Scritto da Redazione di LinC | 11/10/22 18.43

Diffidate da chi diffonde il paradigma della razionalità: il lavoro è fatto di emozioni. Del resto, siamo umani. E come tali, abbiamo un cuore pulsante, che può entrare in contrasto o in empatia con chi ha di fronte. Che si tratti del collega di scrivania o del responsabile di reparto, poco cambia: la chiave per vivere bene nel nuovo mondo del lavoro, è imparare a gestire le emozioni. Parola di Francesca Romana Pugelli, Ph.D.Master of Science in Applied Psychology e professoressa di Psychology of Interactive Media e Applied Internship alla University of Southern California di Los Angeles, autrice di “Emozioni al lavoro”. Una guida pratica che con schede critiche, questionari e test, indaga lo spazio dell’emotività in ambito professionale, enfatizzando la necessità di imparare a comunicare e controllare le emozioni, con una specifica attenzione alla complessa situazione lavorativa attuale.  

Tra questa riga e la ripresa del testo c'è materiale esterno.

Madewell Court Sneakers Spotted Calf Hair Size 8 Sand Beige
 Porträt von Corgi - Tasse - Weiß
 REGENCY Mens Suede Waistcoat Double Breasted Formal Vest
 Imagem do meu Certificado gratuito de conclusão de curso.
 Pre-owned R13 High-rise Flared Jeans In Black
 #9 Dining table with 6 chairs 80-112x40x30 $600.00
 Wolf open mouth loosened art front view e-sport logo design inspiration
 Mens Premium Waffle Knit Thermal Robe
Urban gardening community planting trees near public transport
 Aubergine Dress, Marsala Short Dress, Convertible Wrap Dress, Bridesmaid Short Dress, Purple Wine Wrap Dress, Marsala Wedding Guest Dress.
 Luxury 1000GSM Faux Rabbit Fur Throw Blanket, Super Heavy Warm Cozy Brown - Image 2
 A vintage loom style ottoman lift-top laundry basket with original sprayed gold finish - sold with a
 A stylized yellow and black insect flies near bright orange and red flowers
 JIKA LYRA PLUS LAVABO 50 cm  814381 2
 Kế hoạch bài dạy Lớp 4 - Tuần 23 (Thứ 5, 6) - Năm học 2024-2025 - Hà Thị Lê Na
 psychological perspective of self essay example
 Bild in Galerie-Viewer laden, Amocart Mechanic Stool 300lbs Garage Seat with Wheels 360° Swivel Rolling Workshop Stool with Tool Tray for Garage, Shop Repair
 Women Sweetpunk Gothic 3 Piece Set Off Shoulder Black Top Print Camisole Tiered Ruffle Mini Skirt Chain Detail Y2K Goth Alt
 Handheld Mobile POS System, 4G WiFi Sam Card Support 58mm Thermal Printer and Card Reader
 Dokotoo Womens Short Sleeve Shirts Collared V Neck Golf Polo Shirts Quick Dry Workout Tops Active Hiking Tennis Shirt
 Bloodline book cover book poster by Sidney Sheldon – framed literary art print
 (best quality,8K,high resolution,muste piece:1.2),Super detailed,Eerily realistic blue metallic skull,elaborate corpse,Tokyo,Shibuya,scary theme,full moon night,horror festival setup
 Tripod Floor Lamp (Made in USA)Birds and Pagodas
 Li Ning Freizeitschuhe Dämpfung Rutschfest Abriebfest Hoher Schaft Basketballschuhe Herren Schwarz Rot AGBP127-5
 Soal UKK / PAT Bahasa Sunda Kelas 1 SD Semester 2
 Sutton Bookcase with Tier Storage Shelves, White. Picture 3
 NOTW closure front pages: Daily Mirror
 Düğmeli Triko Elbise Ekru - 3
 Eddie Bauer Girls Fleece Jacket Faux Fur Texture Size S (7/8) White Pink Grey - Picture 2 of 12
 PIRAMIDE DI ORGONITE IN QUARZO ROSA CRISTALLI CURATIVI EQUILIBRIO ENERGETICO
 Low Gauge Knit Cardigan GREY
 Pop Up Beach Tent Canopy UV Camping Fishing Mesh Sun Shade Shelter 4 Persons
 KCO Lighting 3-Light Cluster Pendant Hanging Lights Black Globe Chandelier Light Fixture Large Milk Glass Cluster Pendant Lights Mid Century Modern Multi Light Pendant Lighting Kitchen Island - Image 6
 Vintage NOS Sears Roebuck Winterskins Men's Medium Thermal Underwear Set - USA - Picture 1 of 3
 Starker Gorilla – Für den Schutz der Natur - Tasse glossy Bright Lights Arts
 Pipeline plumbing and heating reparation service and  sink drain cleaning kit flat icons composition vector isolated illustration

Professoressa, qual è il ruolo delle emozioni nel mondo del lavoro?  

«Le emozioni sono fondamentali e sono uno dei canali attraverso il quale comunichiamo con l’ambiente che ci circonda, sia esso la scuola, una relazione tra pari o, appunto, l’ufficio. Ci viene richiesto, per questo, di imparare ad adattare il nostro comportamento a seconda dell’ambiente in cui ci troviamo, di tenere sotto controllo alcune reazioni fisiche, di gestirne la rilevanza filtrandone gli effetti con valutazioni più razionali e, infine, di riconoscerne il valore comunicativo riflettendo sul peso che esse hanno per noi stessi. In prima battuta, quindi, per capire appieno qual è il ruolo delle emozioni sul lavoro, dobbiamo imparare a riconoscerle e a chiamarle con il giusto nome. Solo da qui potremmo iniziare a gestirle».  

Qual è la strada per una corretta gestione delle emozioni?  

«L’ambiente lavorativo è un ambiente emozionale, perché composto da persone. La gestione delle emozioni passa quindi da due livelli: le competenze sociali, da affinare agendo a seconda del contesto di riferimento, e l’empatia, da allenare per entrare in connessione con le emozioni altrui. Da un lato, quindi, siamo noi a metterci in primo piano rispetto all’ambiente, dall’altro è l’ambiente a dover diventare protagonista. Capire se un collega è triste e attivarsi per aiutarlo è, ad esempio, una competenza molto importante».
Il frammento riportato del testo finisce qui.